I think this operation can stabilize the training of the Extractor in the AFHQ dataset, but I am not sure in the CelebA dataset.
In the AFHQ dataset, the extractor can easily get mode collapse, and using this can slightly improve this issue.

But as you mention in [the reply issue 19], (#19 (comment)), HiSD only focuses on manipulating the shape and maintains the background and color. That is really interesting and I have not figured out why, since other frameworks change the background and can generate diverse textures. I once thought it is because of the mask operation. HiSD translator has added the original features to the transformed features through the attention mask, but I fail to learn the mask on my own framework. In my experiment, the results of my framework still change the background and produce diverse textures when directly copying your attention module in the HiSD model.

I think the diversity loss such as mode seeking loss operation may have some influence but I am not sure, I would like to copy your attention module to the starGAN-v2 to see whether it will have some influence.

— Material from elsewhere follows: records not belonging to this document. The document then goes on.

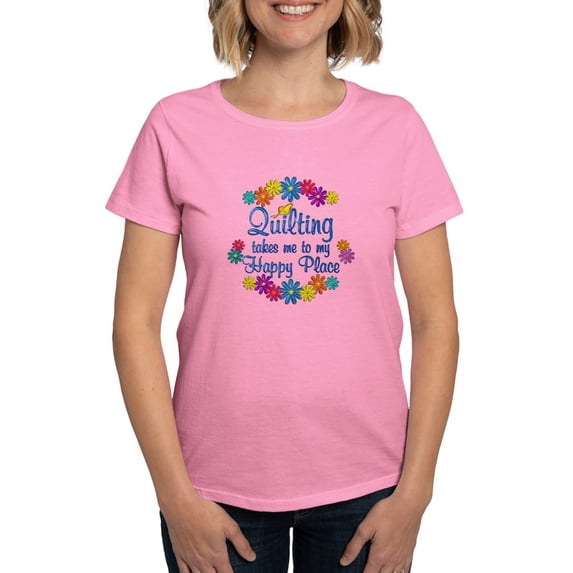 CafePress - Quilting Happy Place Women's Dark T Shirt - Women's Traditional Fit Dark T-Shirt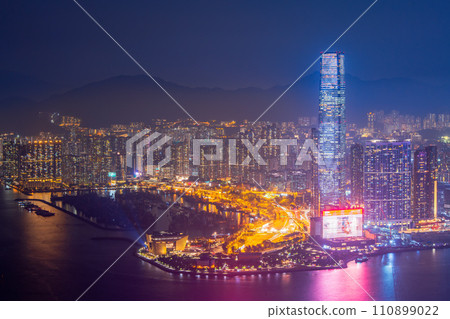 Night view from Hong Kong Victoria Peak 110899022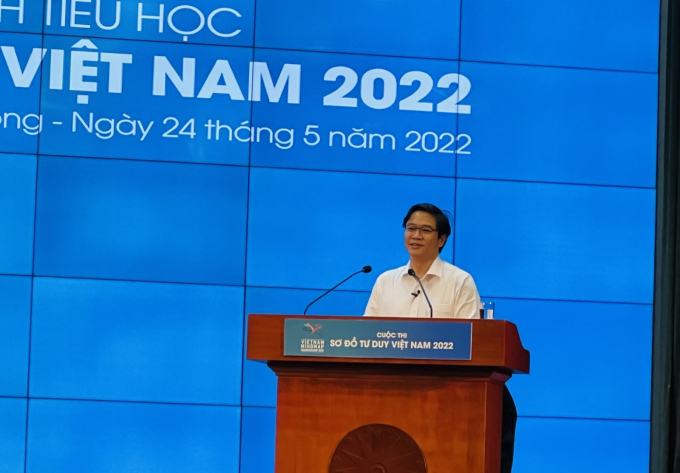 Vụ trưởng Vụ Giáo dục Tiểu học Thái Văn Tài phát biểu tại hội thảo.
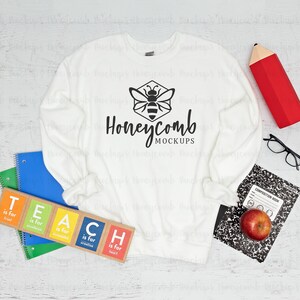 Lehrer Gildan 18000 weißes Sweatshirt, Zurück zu Schule Mockup, Lehrer Sweatshirt flach gelegt, Gildan Mockup, Lehrer SVG Mockup, Gildan Mockup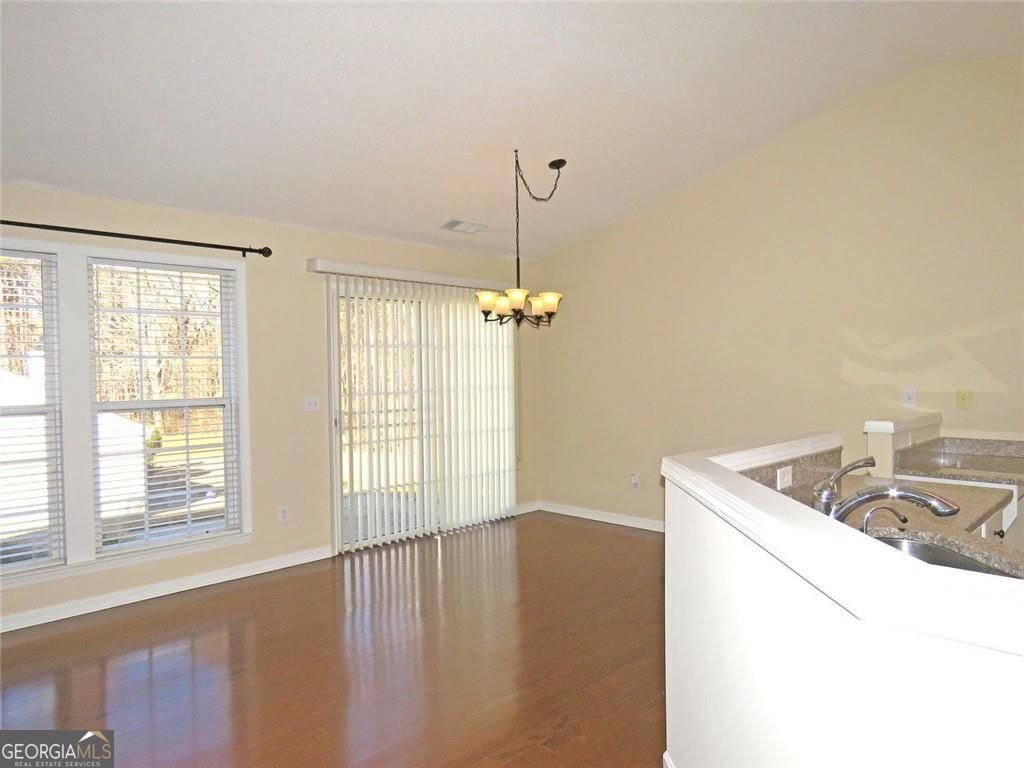 301 Park Forest Court Kennesaw - Photo 11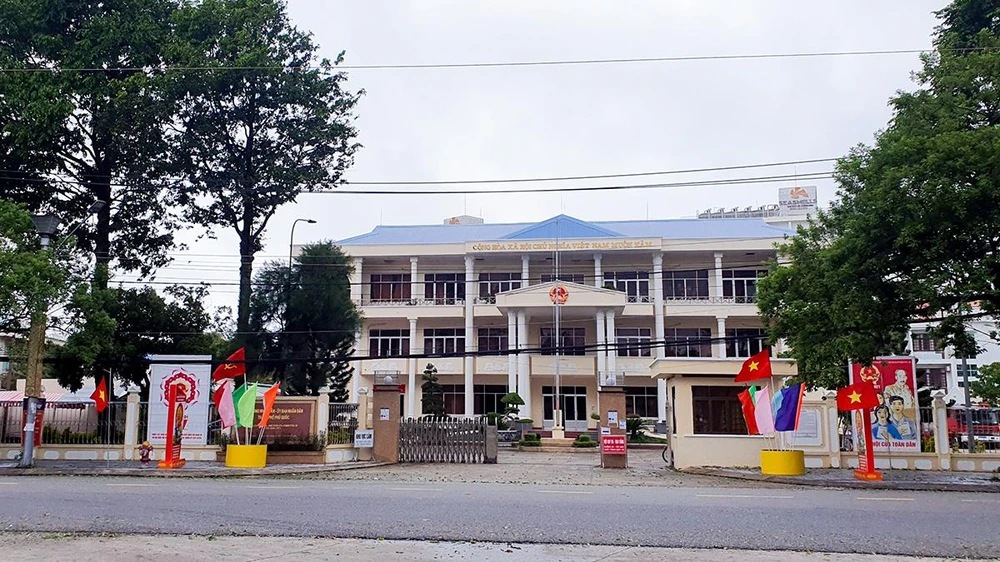 Trong số 39 bản án hành chính Kiên Giang đang tổ chức thi hành, có 32 bản án mà UBND, Chủ tịch UBND TP Phú Quốc phải thi hành. Ảnh: CHÂU ANH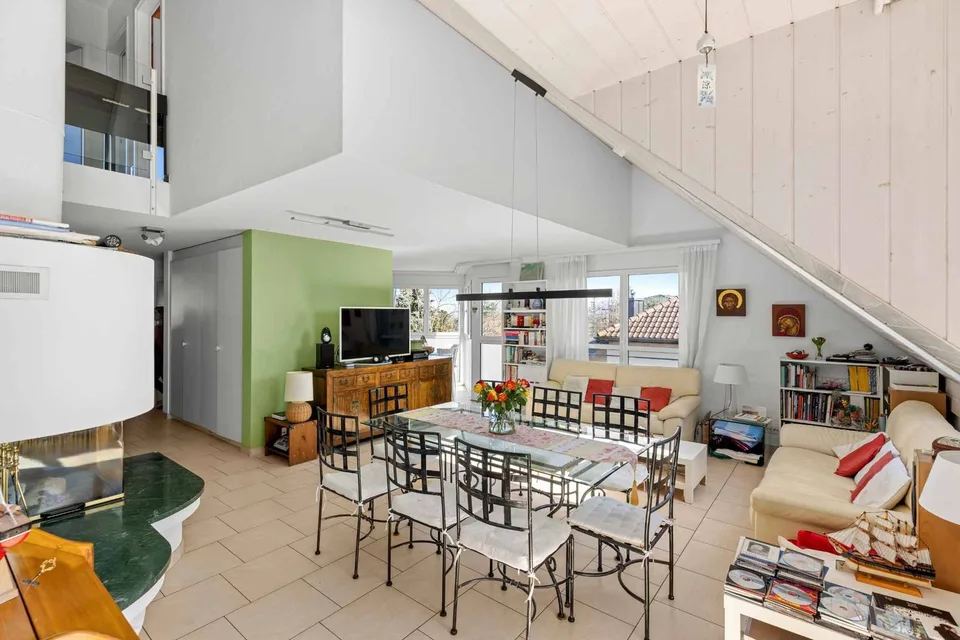 Duplex-Penthouse in der Stadtmitte von Gland - ideal für Familienleben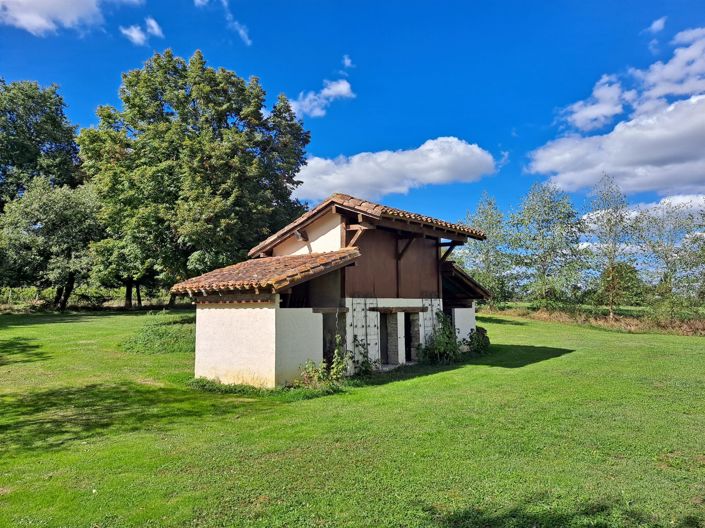 Image No.27-4 Bed House for sale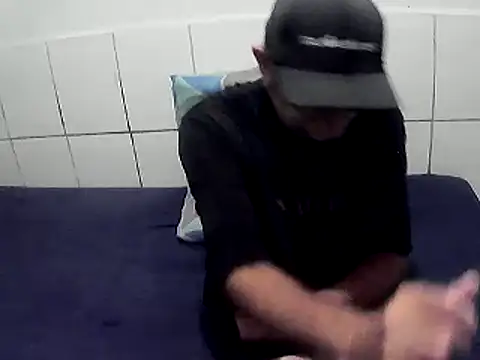 Snapshot of pierdona chatting on 01-16-26, 08:02 pierdona online show from 01-16-26, 08:02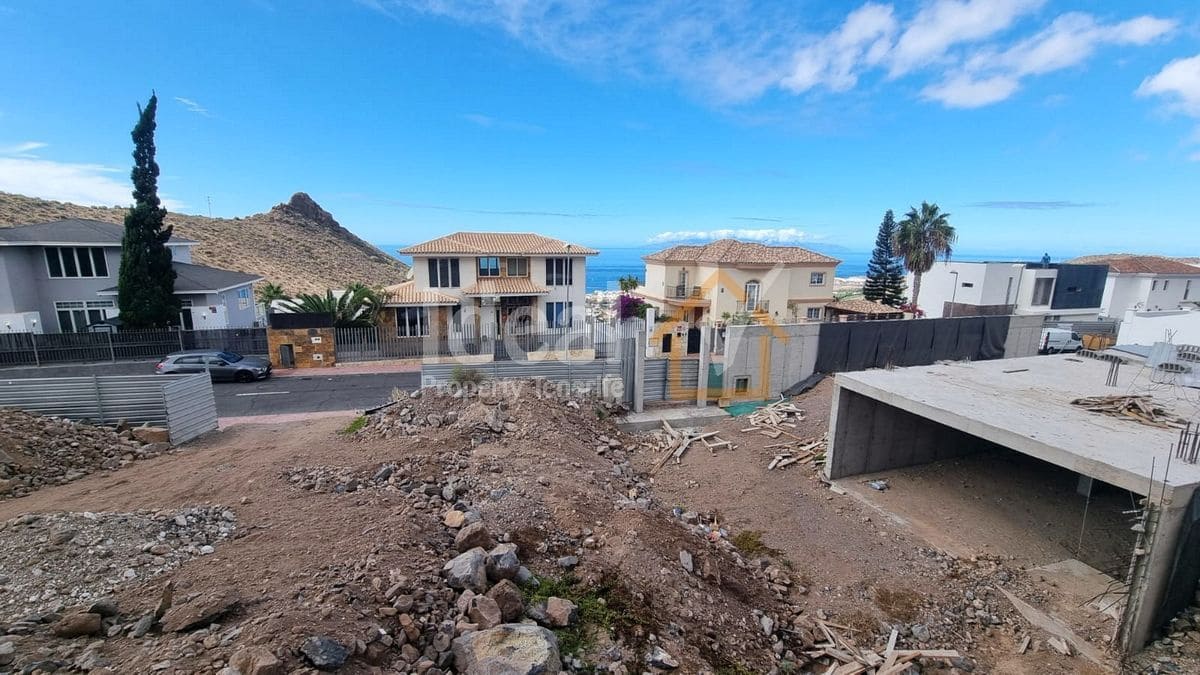 Grunde uden byggetilladelser til salg i Torviscas - € 840.000 (Ref: 8619761)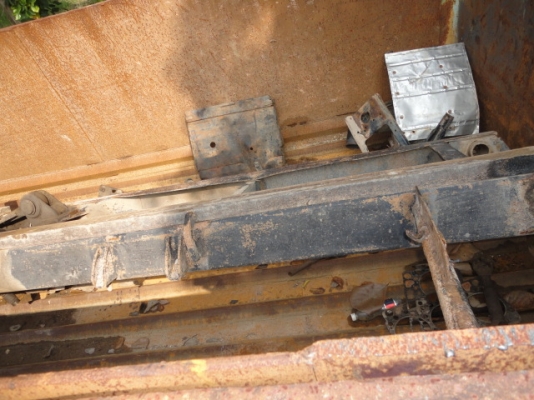 กระบะดั้มพร้อมชุดกระบอกดั้ม ของนิสสันยูดี กระบะดั้มพร้อมชุดกระบอกดั้ม ของนิสสันยูดี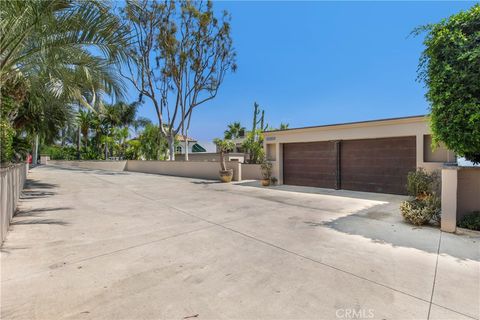 A home in North Tustin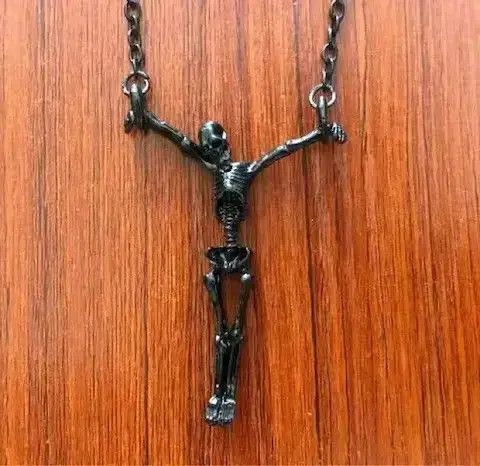 Jewelry Gothic Anatomical Skull Pendant Necklace in Silver, Men's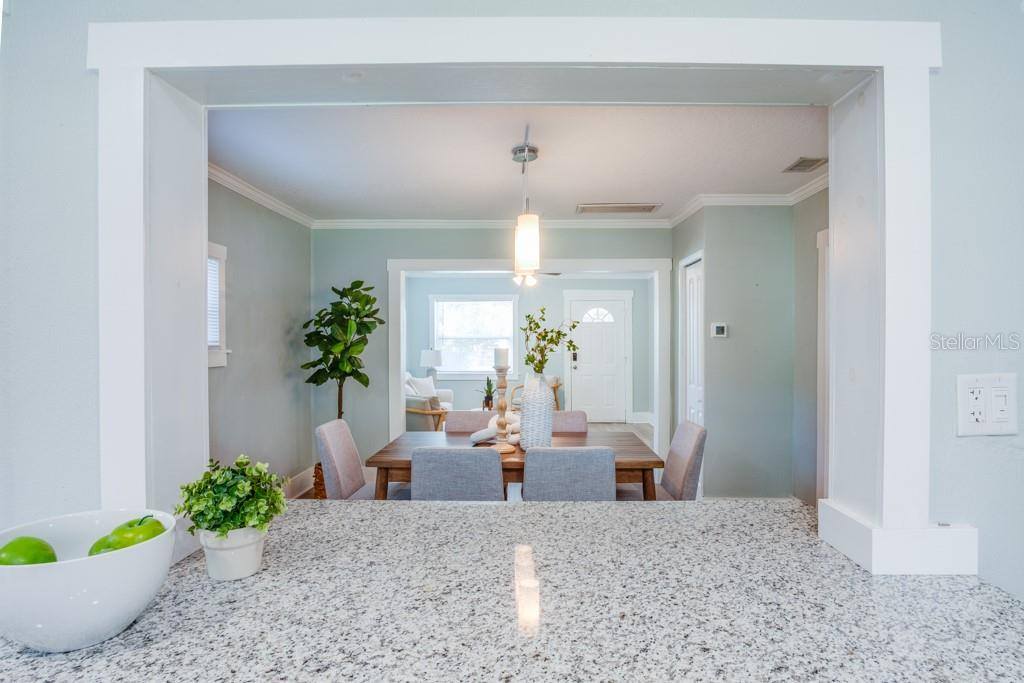 905 Plaza Street, Clearwater, FL 33755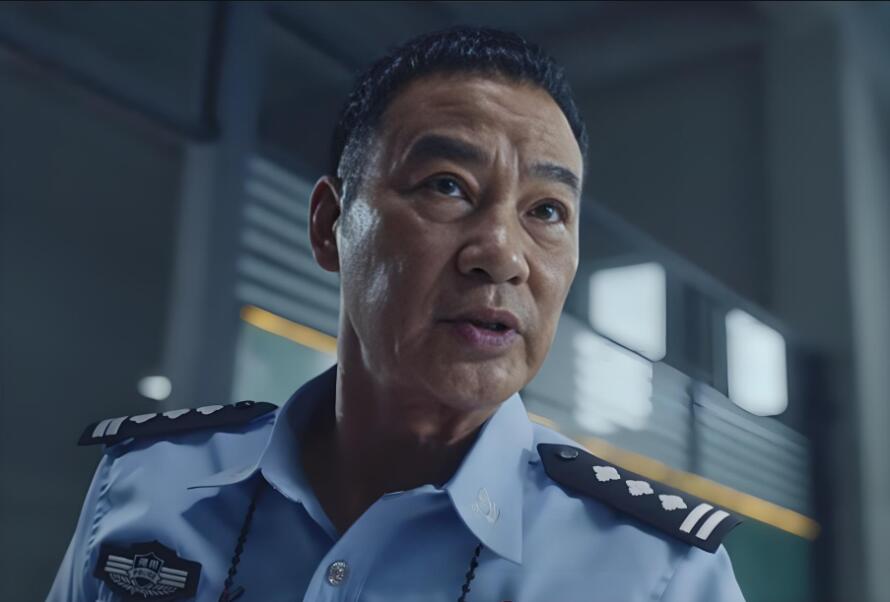 香港老戏骨演技真是吊打内地明星，看惯了任达华的杀手，老大，警察的角色，70岁的高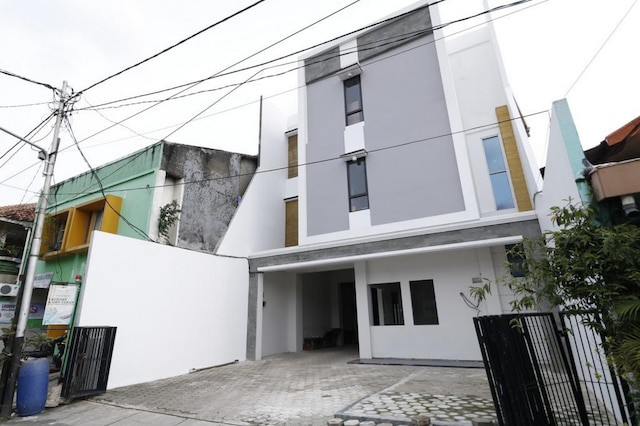 レッドドアーズ プラス シャリア ニア モール ポンドック インダー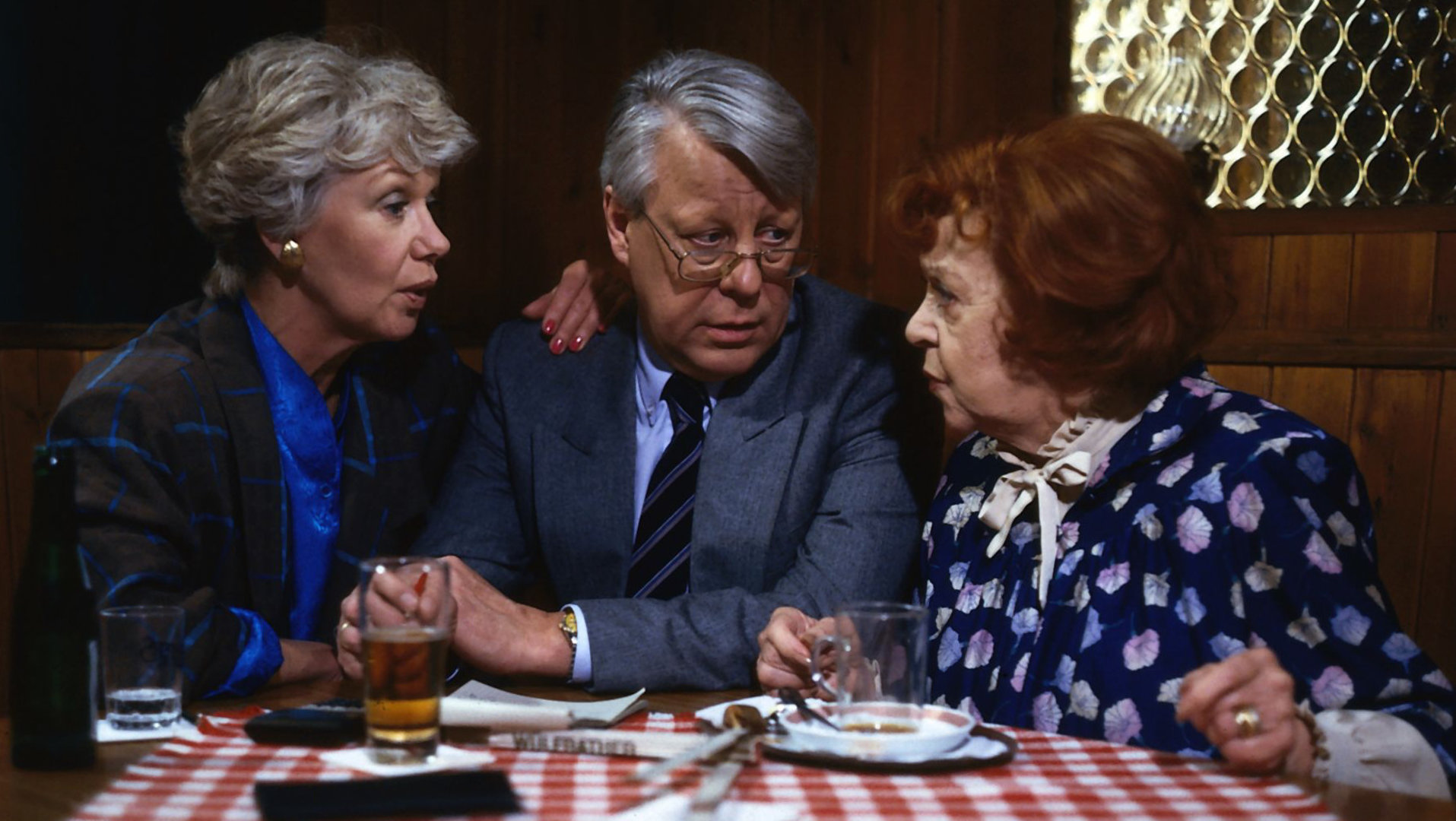"Die Wicherts von nebenan: Schicksalsschläge": Hannelore (Maria Sebaldt), Eberhard (Stephan Orlac) und Conny (Brigitte Mira) sitzen an einem Tisch und unterhalten sich angeregt.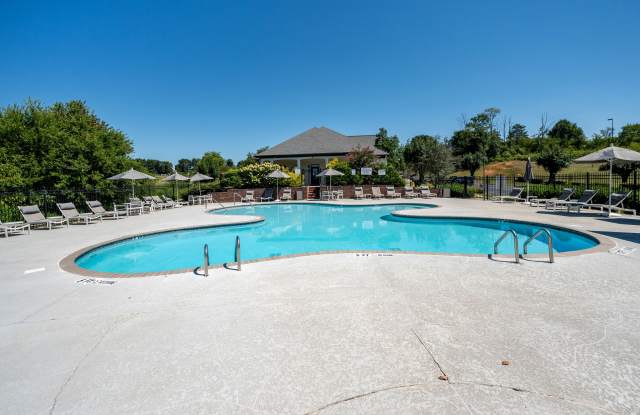 Smoky Crossing Apartment Homes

I have calculated the FID results of randomly generated results too in AFHQ dataset.
And I find with adversarial loss of randomly style images can largely improve the results.
Maybe you can try this to see whether it will have much improvement on your celebA dataset?

Thank you for this information, I will try this later. As you noticed, if there is no early stop after around 300k iterations (less tag means less iterations), the extractor will get mode collapse. It would be very helpful If this operation can improve this.

The mode seeking loss (diversification loss) may influence the disentanglement indeed, although I like the simple but effective idea very much. The reviewer also asked me why we don't add this loss. I reply that "In our setting, the gains from diversifying small objects (i.e., glasses) are far less than the gains from diversifying background colors. Therefore, we think that it may cause the manipulation of global information and aggravate the mode collapse of small objects." But I'm not sure and this is just my guess.

As you can see, even without the path you mentioned, HiSD works fine with the extracted style in the inference. This is because of the cycle-translation path. In the cycle-back phase, the image is manipulated by the extracted style and we add an adversarial objective for the cycle-back image, too (you can find the significance of this objective in the ablation study). In an ideal situation, it seems unnecessary to use another phase using extracted style guiding the translation.

However, I agree that using the style extracted from a reference image during training can possibly further enhance the ability of the extractor and stabilize the training in the late iterations. The extractor is seen to cheat and fail to extract the style if you train the model for a long time.

I will definitely try this later and update the code if it helps (if does't help, I will report the result in this issue). But still, you're welcomed to have a try and edit the code yourself.

Thank you for your suggestion.

Have you tried only use the guided image to generate the style vector? I think its more natural to get the style code from an existing image rather than generated from an random style vector like StyleGAN. Using an random style code mask this work more like an generate task rather than the transfer task.

Although some works focus on only the reference-guided task. Both of these two tasks are necessary for practical use. Imagine you want to add glasses for an input picture, the target is determined but you may not have a reference image, then you can directly sample the style code by a simple prior distribution. Therefore, reference-guided task is customized while latent-guided task is convenient. This is exactly a transfer task because the output is based on the input (eg, identity), no matter which kind of style code is used.